JEDDAH: The National Committee of Workers and businessmen have agreed on providing two-day weekly off for employees in the private sector, said Abdul Rahman Al-Zamil, head of the team of businessmen that attended a social dialogue forum on the issue.

"A closed-door meeting of representatives from the three parties have agreed that the weekly off in the private sector would be two days and but did not decide the days of the weekend," said Al-Zamil, who is a prominent businessman and industrialist.

There were proposals to make Friday and Saturday weekly holidays for the benefit of businesses having contacts with international companies and agencies. Al-Zamil expressed his hope that an agreement would be reached on bringing down weekly working hours to 40, a demand that was made to attract Saudi workers to private firms. However, some businessmen have suggested making it 45 hours.

"Most members of our team have agreed to a one-shift duty with work starting at 10 a.m. and exempting Makkah and Madinah from limiting working hours," Al-Eqtisadaih business daily quoted Al-Zamil as saying.
A survey conducted by the Ministry of Labor and King Abdul Aziz National Dialogue on working hours has revealed that shortening working hours in the private sector would encourage citizens to work in that sector.
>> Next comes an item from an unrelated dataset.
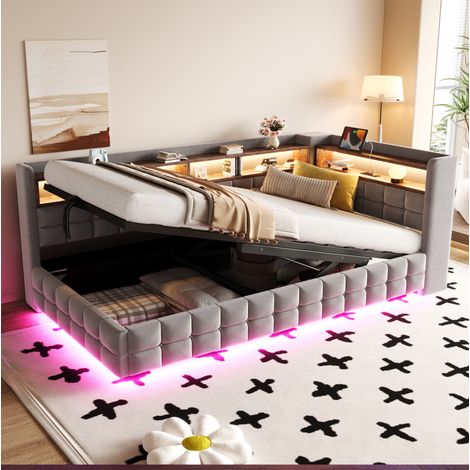 Divano letto convertibile 90x200 cm in velluto grigio chiaro con contenitore FloraGrace (1/5)
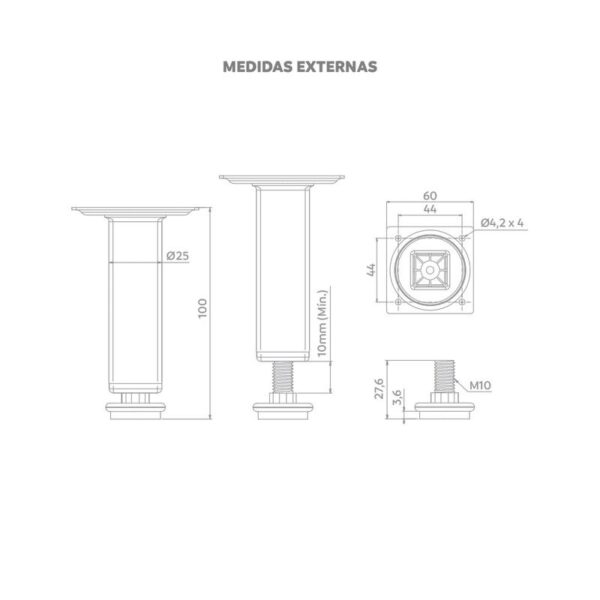 Kit 4 Pés Para Móveis Formato Quadrado 10cm - Image 3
The study, which covered 3,662 respondents from across the Kingdom, shows that the long working hours is the main reason for the reluctance of young Saudis to take up offers in the private sector. A majority of participants in the study did not support Saturday to be one of the proposed two-day weekend, although they did support a two-day weekend to make it more attractive for Saudis to work in the private sector.
Employment issues and unemployment problems are the main concerns of 49 percent of Saudi youth who took part in the survey. Housing and rent issues came second, concerning 32 percent of participants. 

Ibrahim Al-Moaiqali, director general of the Human Resource Development Fund, said Wednesday's dialogue did not reach any consensus on how to confront the challenges facing the private sector and reach solutions that would make the job market more attractive to Saudis.

He emphasized the need for taking a balanced decision to protect workers' rights as well as to boost the national economy. "The decisions should not affect the national economy and the Kingdom's businesses. Private sector investments are a key factor to accelerate economic growth," he added. He said an agreement on weekly off days and weekly working hours would solve one of the major obstacle facing Saudi workers.

Ahmed Al-Humaidan, secretary-general of the dialogue forum and undersecretary at the Labor Ministry, said the ministry has no plan to impose its decision on the private sector. "We organized this forum to reach a consensus on the issue," he pointed out.

He said the Council of Saudi Chambers, the National Committee of Workers and the Labor Ministry should work together as partners to achieve job market stability and accelerate economic and social development.
The dialogue forum discussed four important papers on the effect of working hours on institutions; unification of working hours in the public and private sectors; daily working hours in the wholesale and retail trade; and distribution of daily working hours.